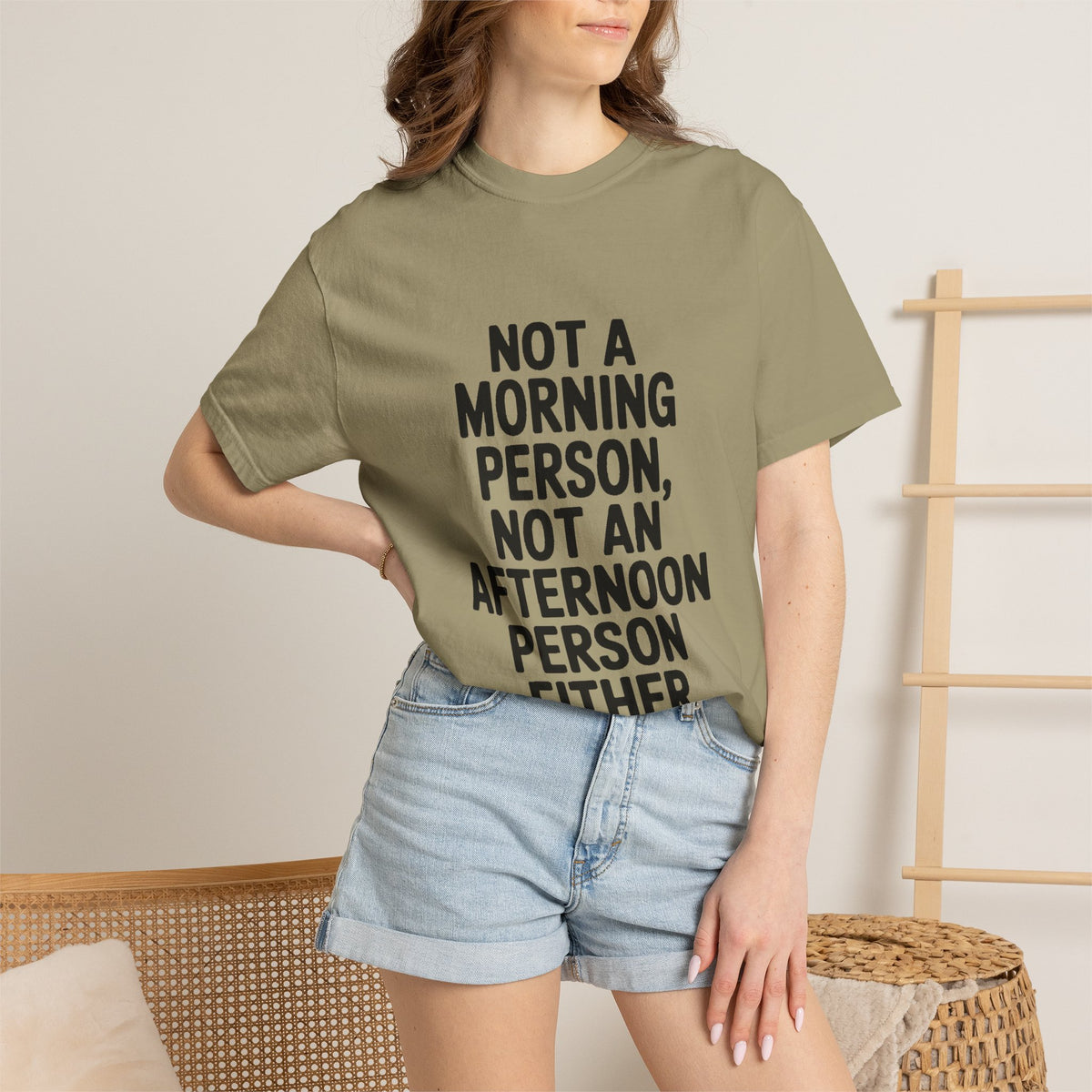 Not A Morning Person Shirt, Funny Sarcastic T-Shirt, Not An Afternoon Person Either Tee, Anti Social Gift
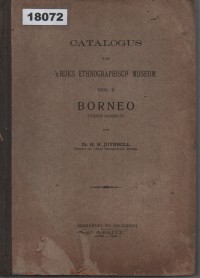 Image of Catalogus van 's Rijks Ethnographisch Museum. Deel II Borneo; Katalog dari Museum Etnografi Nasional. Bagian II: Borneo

* * *

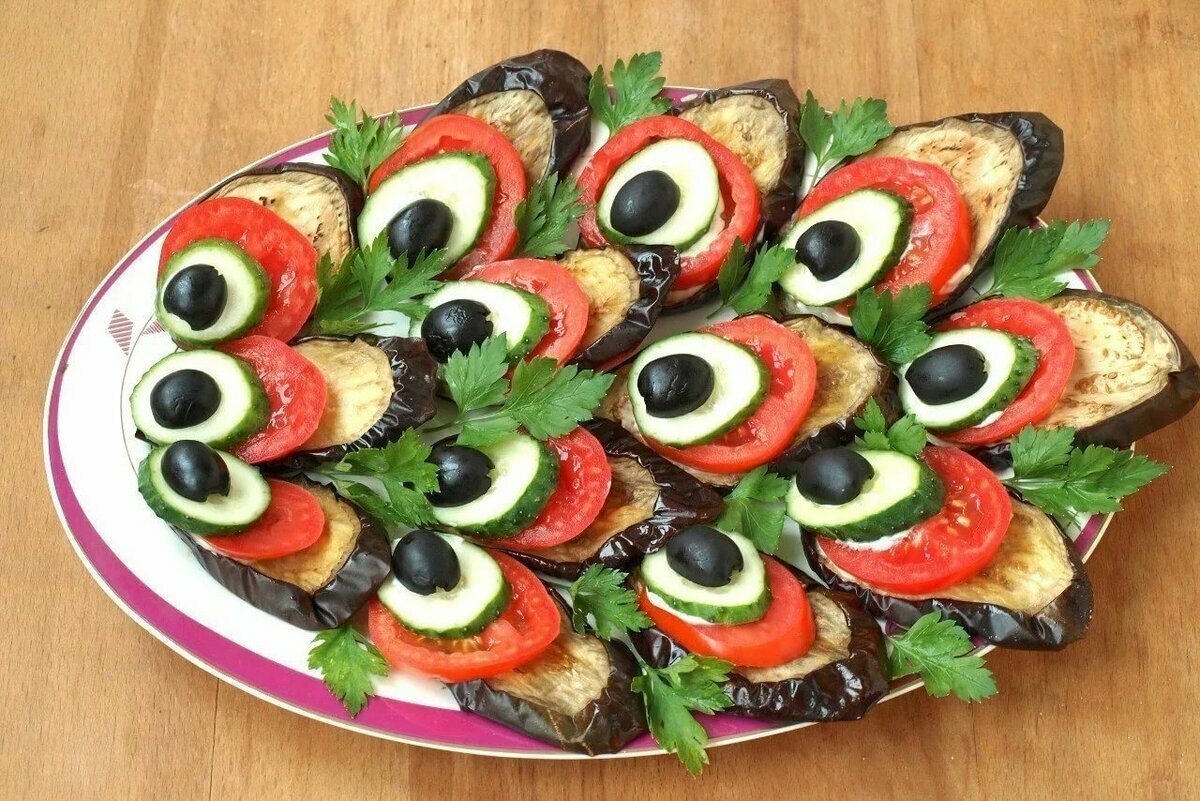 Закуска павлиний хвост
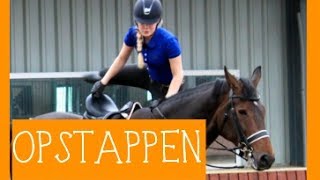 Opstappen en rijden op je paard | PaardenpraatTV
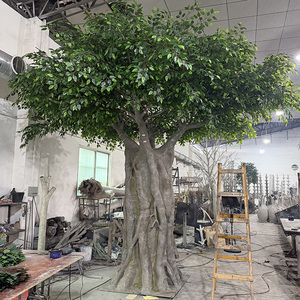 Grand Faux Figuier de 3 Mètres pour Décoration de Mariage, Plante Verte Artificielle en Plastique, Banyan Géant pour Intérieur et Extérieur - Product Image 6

* _What you will do_
What you write must match the listing exactly, from the line with "Not A Morning" up to and including the line with "Image of Catalogus". Pictures stay out.

* _Task result_
 Not A Morning Person Shirt, Funny Sarcastic T-Shirt, Not An Afternoon Person Either Tee, Anti Social Gift
 Image of Catalogus van 's Rijks Ethnographisch Museum. Deel II Borneo; Katalog dari Museum Etnografi Nasional. Bagian II: Borneo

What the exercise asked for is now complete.